Ross was on the ropes for much of his testimony before the House Oversight Committee, but the knockout blow did not come until the seventh hour of the hearing, when Rep. Alexandria Ocasio-Cortez, D-N.Y., finally had the chance to interrogate Ross, who is 52 years her senior. Ocasio-Cortez, who has been in Congress a little more than two months, effectively summarized the Democrats’ central argument against Ross: that in putting the question on the census, Ross did not consult with U.S. Census Bureau experts but instead took advice from voter-suppression specialists aligned with President Trump.
“It’s all there in black and white,” Ocasio-Cortez said of a July 2017 email to Ross from Kris Kobach, the then Kansas secretary of state who has made a career of voter suppression. The email said that adding a citizenship question was “essential,” presumably so that congressional apportionment would prove more favorable to Republicans.
Ocasio-Cortez then asked if Ross spoke about the citizenship question after that email.

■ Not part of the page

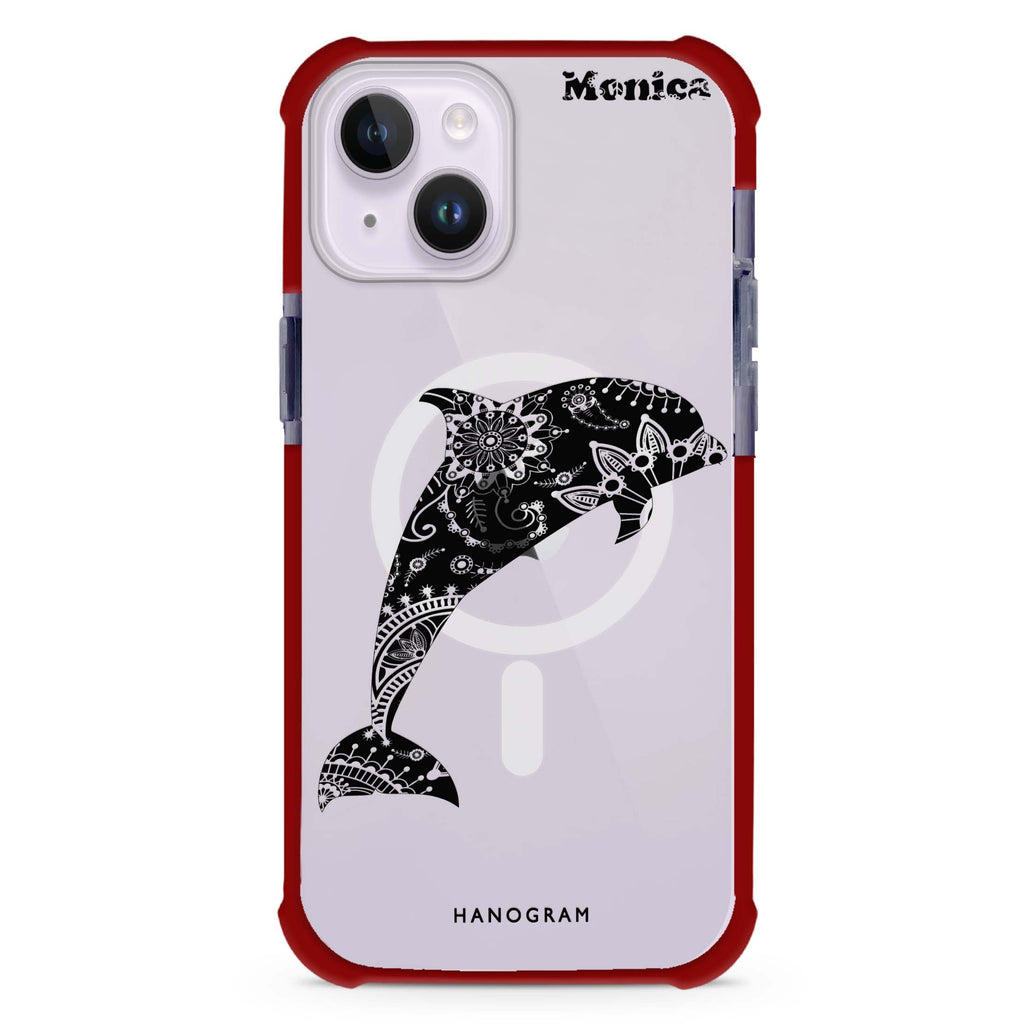 Mandala dolphin iPhone 15 Plus MagSafe Compatible Ultra Shockproof Case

“I have no recollection of speaking to him again after that,” Ross answered.
She quickly noted that Ross and Kobach spoke again later that same month, referencing a ruling in the U.S. District Court for the Southern District of New York, where New York, along with more than a dozen other states, sued to block the inclusion of the question. (The judge in that case, Jesse Furman, ruled against Ross earlier this year, though the broader legal battle over the citizenship question continues.)
Following that damaging exchange, Ocasio-Cortez asked if Ross ever brought Kobach’s concerns to the U.S. Census Bureau, which is part of the Department of Commerce.
Referring again to the legal proceedings from the Southern District, Ocasio-Cortez showed that Ross had, in fact, discussed Kobach’s proposal for a citizenship question in September 2017.
“Do you recall anything about that meeting?” Ocasio-Cortez asked.
Ross said he did not.
Ocasio-Cortez also argued that Ross had not met the congressional reporting requirements mandated by law, because the new citizenship question was materially different from the one that last appeared on the census, in 1950. This seemed like the kind of appeal to constitutional authority that could resonate with some conservatives.
“Why are we violating the law to include any question whatsoever in the 2020 census?” said Ocasio-Cortez, banging her fist on the podium for emphasis.
When the young Democrat finished with her questioning, an exasperated Ross looked to Rep. Elijah Cummings, D-Md., who chairs the committee.
“I believe she is out of time, chairman,” Ross practically pleaded.
Cummings instructed him to answer anyway.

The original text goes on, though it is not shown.